*Exercise:*
From the listing below, copy only the lines running from the line that contains "Zouk - Hooghly" to the line that contains "Traueranzeige Heinrich Plecher", both included.

*Data shown:*
───

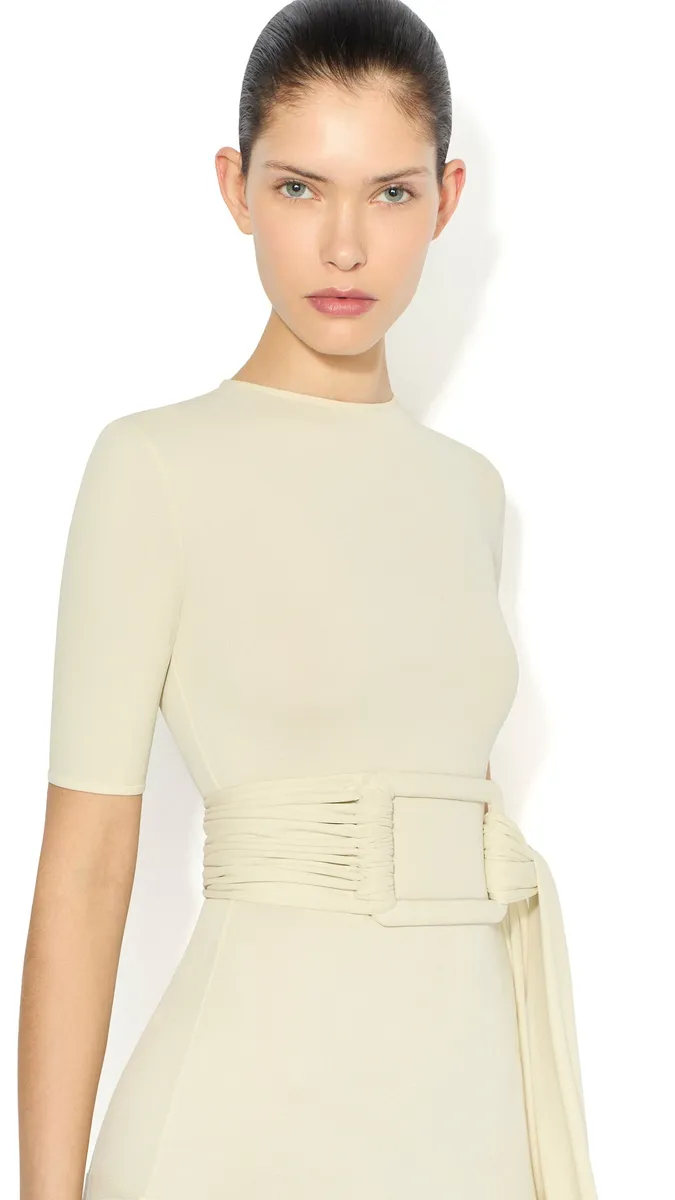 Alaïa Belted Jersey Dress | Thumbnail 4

───

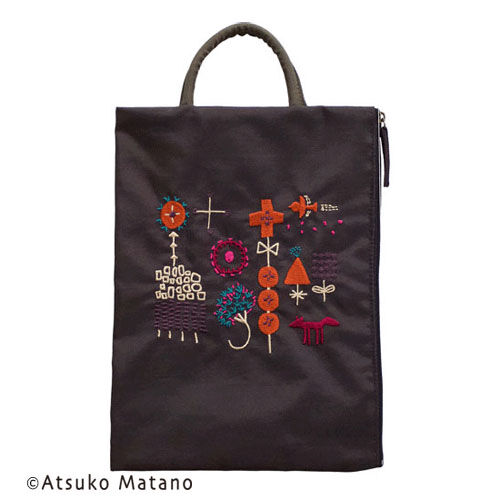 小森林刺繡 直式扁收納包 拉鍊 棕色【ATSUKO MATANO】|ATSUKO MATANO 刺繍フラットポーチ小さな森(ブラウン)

───

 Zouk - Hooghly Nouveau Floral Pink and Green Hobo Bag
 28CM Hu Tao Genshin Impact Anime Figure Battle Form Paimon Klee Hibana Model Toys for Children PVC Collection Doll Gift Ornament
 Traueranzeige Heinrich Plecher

───

*Solution for this task:*
 Zouk - Hooghly Nouveau Floral Pink and Green Hobo Bag
 28CM Hu Tao Genshin Impact Anime Figure Battle Form Paimon Klee Hibana Model Toys for Children PVC Collection Doll Gift Ornament
 Traueranzeige Heinrich Plecher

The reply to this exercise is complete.